- TO DO:
Once you find the line with "Parure Collier et" in the data that follows, repeat it and every line after it exactly, through the line with "مربية أطفال الريان: Elizabeth".

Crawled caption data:
★ ★ ★ ★ ★

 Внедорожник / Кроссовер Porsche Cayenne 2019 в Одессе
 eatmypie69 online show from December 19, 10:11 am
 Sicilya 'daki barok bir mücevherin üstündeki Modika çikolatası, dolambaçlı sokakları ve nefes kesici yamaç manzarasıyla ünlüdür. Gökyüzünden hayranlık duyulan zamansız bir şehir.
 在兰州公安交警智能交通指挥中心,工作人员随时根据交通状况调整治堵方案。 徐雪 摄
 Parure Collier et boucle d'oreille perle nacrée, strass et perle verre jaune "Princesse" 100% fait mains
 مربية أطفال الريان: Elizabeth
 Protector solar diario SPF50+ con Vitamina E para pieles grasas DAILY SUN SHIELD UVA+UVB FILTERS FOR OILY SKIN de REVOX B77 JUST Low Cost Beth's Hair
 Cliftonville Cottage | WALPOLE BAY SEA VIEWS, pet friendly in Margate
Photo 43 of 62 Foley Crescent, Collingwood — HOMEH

★ ★ ★ ★ ★

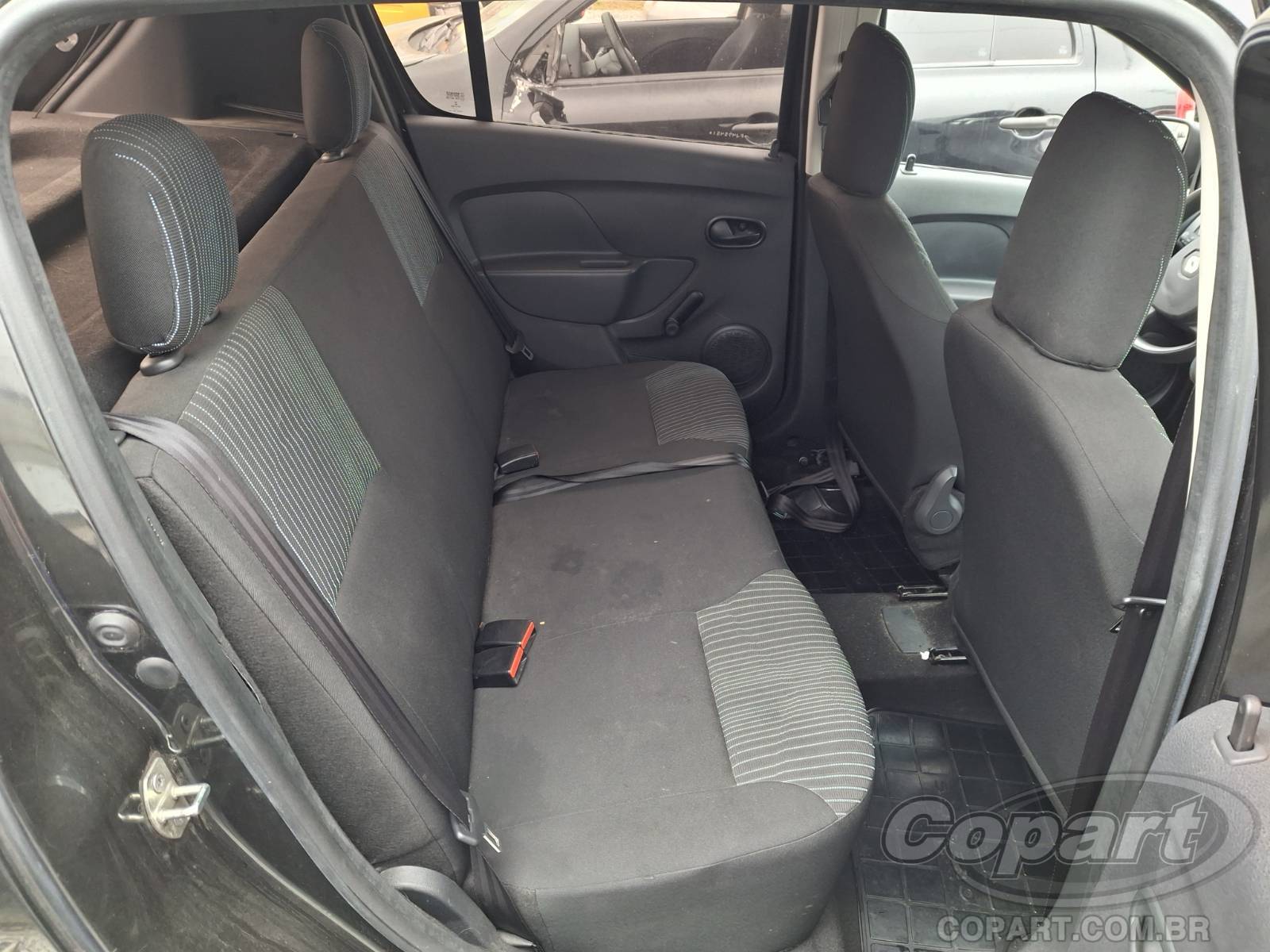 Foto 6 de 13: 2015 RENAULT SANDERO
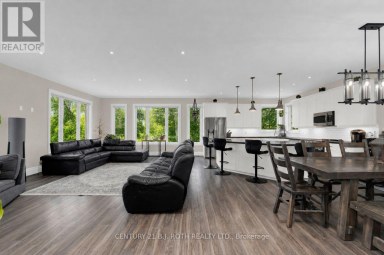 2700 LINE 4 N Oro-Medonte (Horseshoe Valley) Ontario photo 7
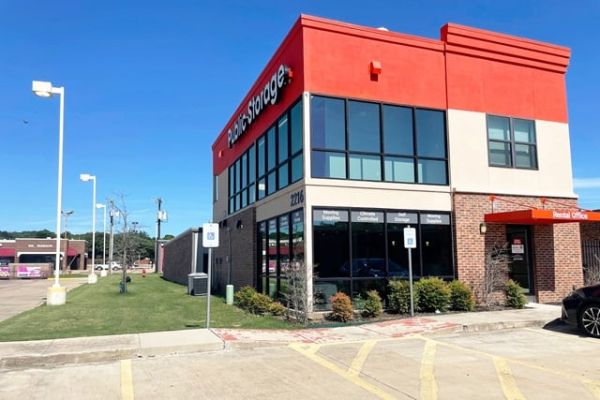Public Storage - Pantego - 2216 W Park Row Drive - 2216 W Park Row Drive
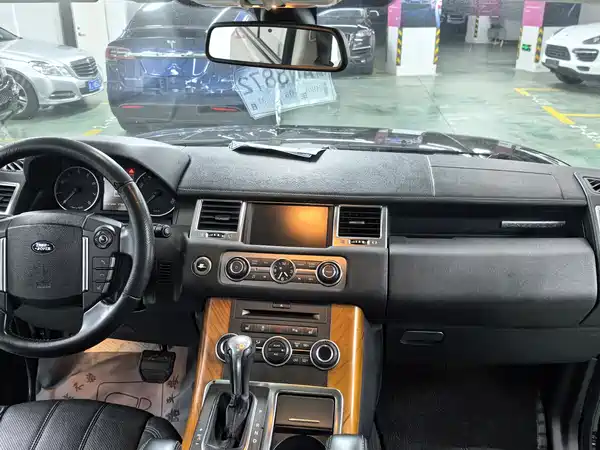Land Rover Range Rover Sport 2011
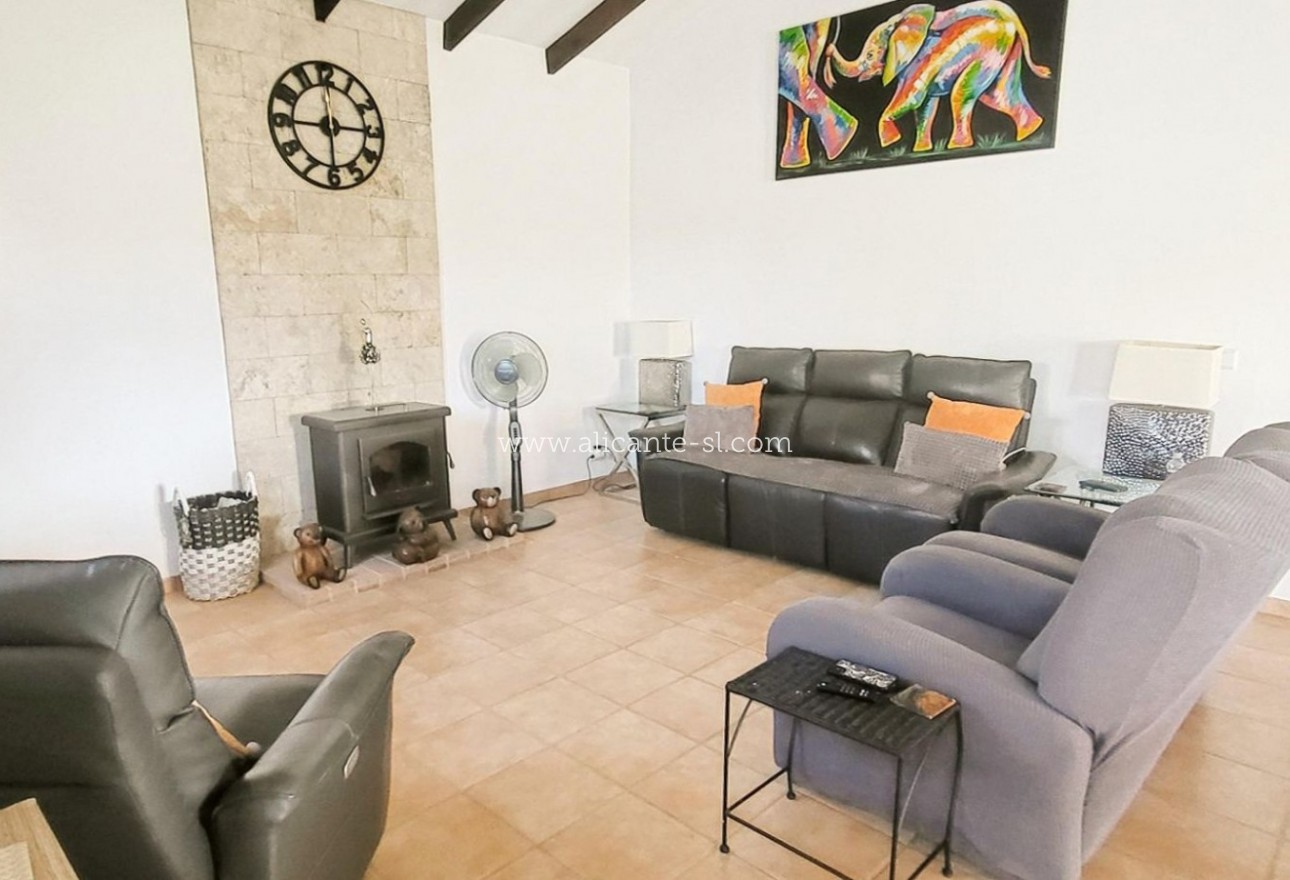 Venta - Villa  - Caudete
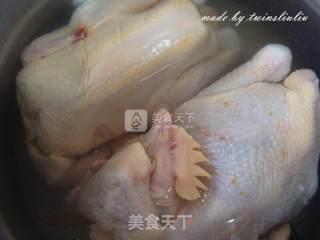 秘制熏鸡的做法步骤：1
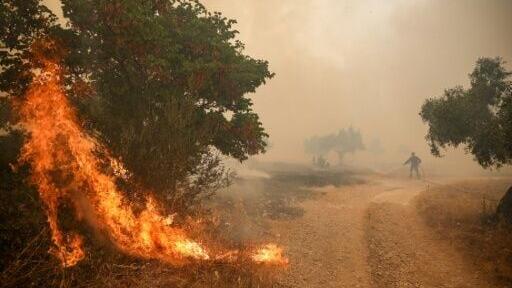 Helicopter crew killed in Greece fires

★ ★ ★ ★ ★

- SOLUTION FOR THIS TASK:
 Parure Collier et boucle d'oreille perle nacrée, strass et perle verre jaune "Princesse" 100% fait mains
 مربية أطفال الريان: Elizabeth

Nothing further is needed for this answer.